Think about it this way: we all have individual fingerprints on hands that function similarly. If we think about the classification of microbes as a description of what a hand looks like, we can envision how this classification can work on a functional level in our guts and how it can help us better understand how our microbial bionts engage in our metabolism. We all have hands that roughly look the same—four fingers and a thumb: phyla. Then there are some of us who are right-handed or left-handed or both: the dominant functional profile of your ecosystem. Then we have our fingerprints: species composition (which is less reliant on type of species but the diversity of niches that are in the gut).

Your hands, your neighbor’s hands, the hands of people in Finland, and early humans’ hands look roughly the same, and probably so does your microbiota on the phyla level.  Here, diversity is not as apparent since composing the five fingers of our microbial hand are four to five phyla with a few miscellaneous phyla tossed in for good measure: Firmicutes, Bacteriodetes, Actinobacteria, Proteobacteria, and Verrumicrobia^[i] seem to be the five most prevalent phyla^[1]. Of these, Firmicutes and Bacteriodetes comprise 90% of the microbes in our guts (they are the bigger fingers) while Proteobacteria and Verrumicrobia are less than one percent (and the numbers of Verrumicrobia are actually so small, the fifth finger can be classified as “other microbes”). The microbes in these phyla then contribute to the groups of genes (along with our human genes, viral genes, and even the genes of the food we eat) that make up our functional metabolism. The previously mentioned European study claims that out of the millions of genes that can be present in the microbiome, only a fraction (about 300,000) is actually prevalent in all of us.  These could be “core housekeeping genes” that code for key metabolic functions that are also similar from individual to individual (think about it: all of our bodies operate basically the same, so our metabolism, on the whole, would look similar) and are proving more and more related to the types of energy we put into our holobiont: our diets.

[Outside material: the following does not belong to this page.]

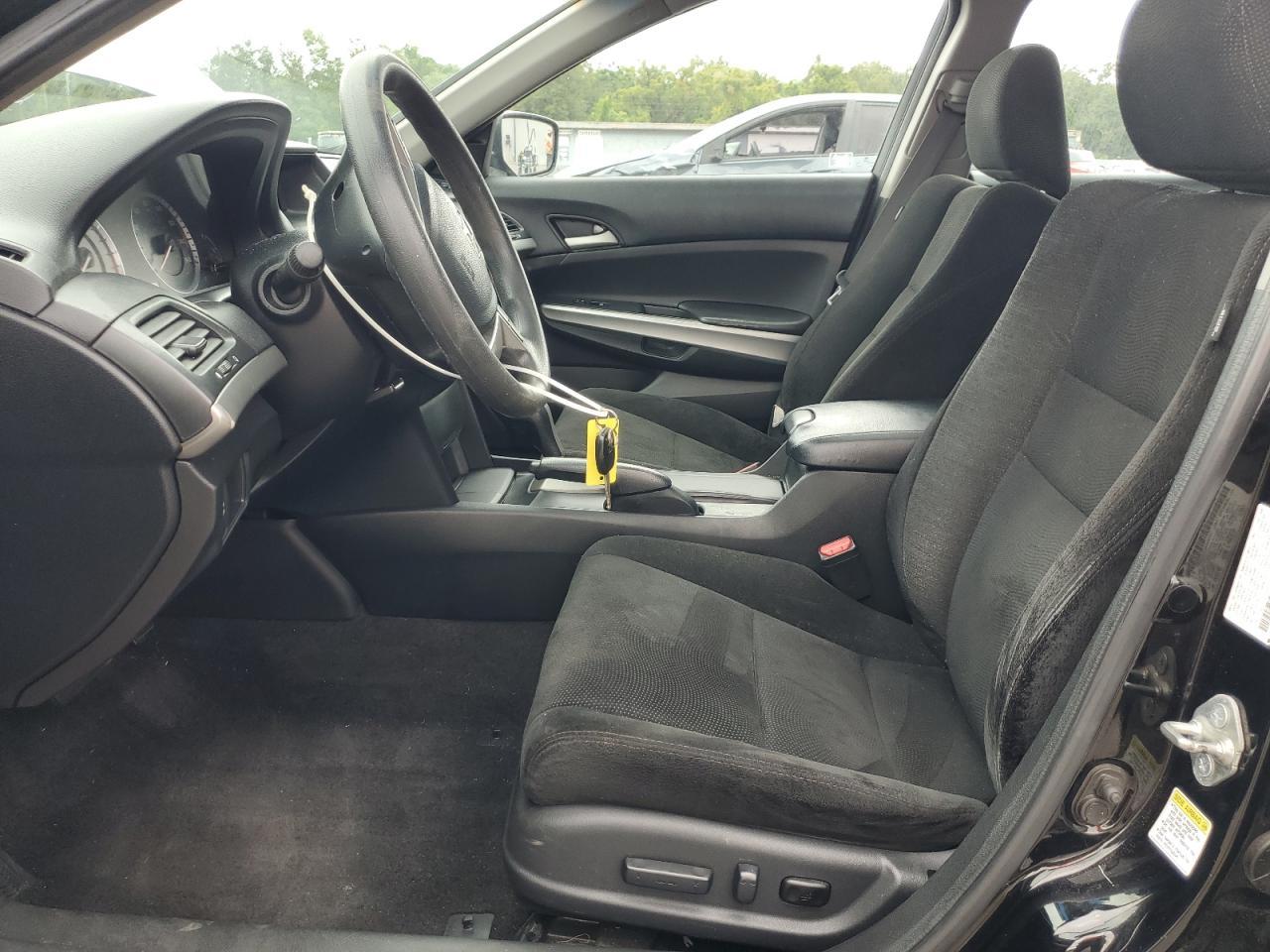 2010 Honda Accord Ex - Фото 7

^[1] In the study by Julien Tap (Environmental Microbiology 2009), the percentages of phyla prevalence are Firmicutes (79.4%), Bacteriodetes (16.9%), Actinobacteria (2.5%), Proteobacteria (1%), and Verrumicrobia (0.1%).

^[i] Julien Tap et al., “Towards the Human Intestinal Microbiota Phylogenetic Core,” Environmental Microbiology 11, no. 10 (2009): 2574–84, doi:10.1111/j.1462-2920.2009.01982.x.